Serb administrators take lessons in efficiency from Swiss municipalities

Two Serbian officials study notes during their visit to Switzerland Keystone

Sixty officials from seven Serbian cities have completed a course in Switzerland aimed at helping Serbia to decentralise and streamline its local government structure. The Swiss government has funded the programme.

This content was published on September 18, 2001 minutes

During their one-week course, the Serb officials - from deputy majors to water purification specialists, engineers and architects dealing with building permits - had the chance to observe their Swiss counterparts at work.

The programme, designed by the Swiss Institute of Economics and Business Administration (SIB), took the visitors to Zürich, Winterthur and Glarus.

The participants had undergone training in Serbia earlier this year, financed by the Swiss Agency for Development and Cooperation (SDC). The SDC programme, funded with SFr7 million ($4.2 million) over two to three years, is aimed at supporting Serbia's efforts to make local government structures more efficient and grass-roots based.

Following a day's work experience in the administration of Glarus, a town of 5,500 inhabitants in the Linth valley 50 kilometres southeast of Zürich, the deputy major of the Serb town of Uzice, Slavko Lukic, was impressed. "With only a very limited number of employees [Glarus] is able to fulfil the needs of its citizens."

The city departments

The Serb administrators, who are from the towns of Cacak, Kraljevo, Kursumlija, Nis, Novi Pazar, Pozega and Uzice, were led through five municipal departments during their visit to Glarus on Tuesday. They visited the offices of residents' registration, social security, registry, building permits, waste disposal, and the town's job centre.

The mayor of Glarus and the group's host during the visit, Heinrich Aebli, took part in training courses in Serbia related to the SDC programme. Talking of Serbia's second city, he recalled: "Nis has about the same size as Zürich, but whereas the Zürich office for building permits has a total of five people, the equivalent in Nis employs 75 architects alone."
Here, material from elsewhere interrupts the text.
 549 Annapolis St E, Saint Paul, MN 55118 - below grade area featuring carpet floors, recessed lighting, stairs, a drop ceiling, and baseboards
The problem, Aebli says, is that as in many other formerly socialist countries, the Serb administrators not only supervise building, but are involved in the actual construction too. Devising a re-structuring programme with his counterparts in Nis, Aebli advised that five architects be retained, and 70 organised in groups that would work for the municipality during an interim period, but change into independent architectural firms competing against each other at a later stage.

Market-oriented approaches are now welcome in Serbia, says Lukic, who was elected during the democratic opposition's landslide victory last year. "People are aware that economic logic must replace the heavy weight of political influence - they accept the risks involved."
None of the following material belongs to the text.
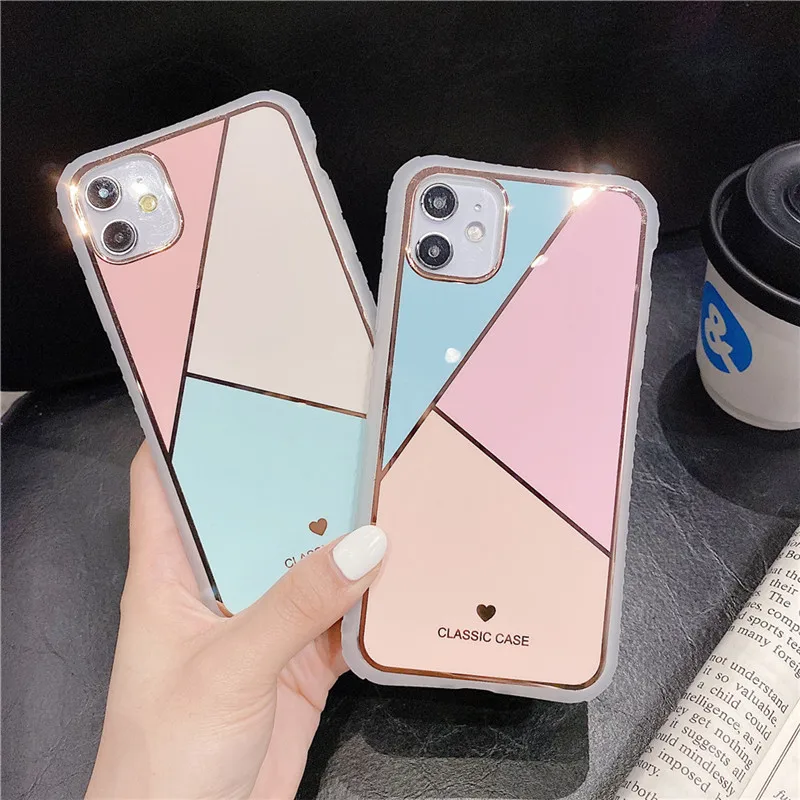 

iPWSOO Case For iPhone 12 11 Pro Max Phone Case Geometry Colorful For iPhone X XS XR Xs Max 7 8 Plus Cute Shockproof Back Cover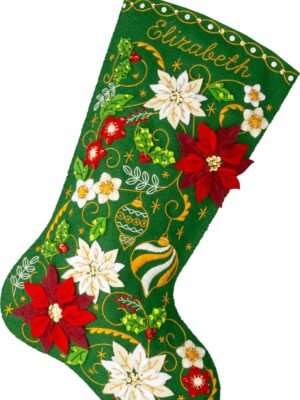 Bucilla Poinsettia Elegance | Kit de media navideña de fieltro | 89684E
Throughout the visit to Glarus, the faces of Lukic and his colleagues lit up whenever they recognised a municipal strategy designed to influence citizens' behaviour through economic incentives, such as having to pay for the town's waste disposal by using taxed rubbish bags.

How many workers?

The questions raised by the visitors in the meetings with their Swiss counterparts were practical. The one asked most frequently was the number of employees assigned to do a given job.

An architect with the department of town planning in Kraljevo, Katarina Naumovic, said property developers found it difficult to cope with building zones in Serbia, which tended to overlap. "We can learn from you", she told her counterpart in Glarus, "because you have just one zone, and what's more, you have procedures for adapting building zones according to changed needs."

Naumovic said she took away from the visit in Switzerland the conviction that changing Serb laws was as important as improving municipal efficiency. In Serbia, much of the property was leased from the government, "and in these cases I cannot help the needs of citizens, because only private owners of buildings are allowed to apply for alterations or development".

In an interview with swissinfo, Aebli said that what Serb administrators needed most was practical experience, learning to do tasks more efficiently. And that's what they got in the SDC-sponsored programme. "I'm convinced that given the necessary financial means, Serbia will turn into one of the most progressive nations in eastern Europe", Aebli, who knows several formerly communist countries, said.

The optimism was echoed by many of the visitors, who praised the training programme without exception. "Civil servants were closed from the rest of the world for such a long time that many have no clue how to do their job in a modern era", said Aleksandra Milenkovic, an economist with the Development Aid Coordination Unit of Serbia's Ministry of International Economic Relations. "First and foremost, will have to change their minds, to teach them how to ask and solve problems for themselves."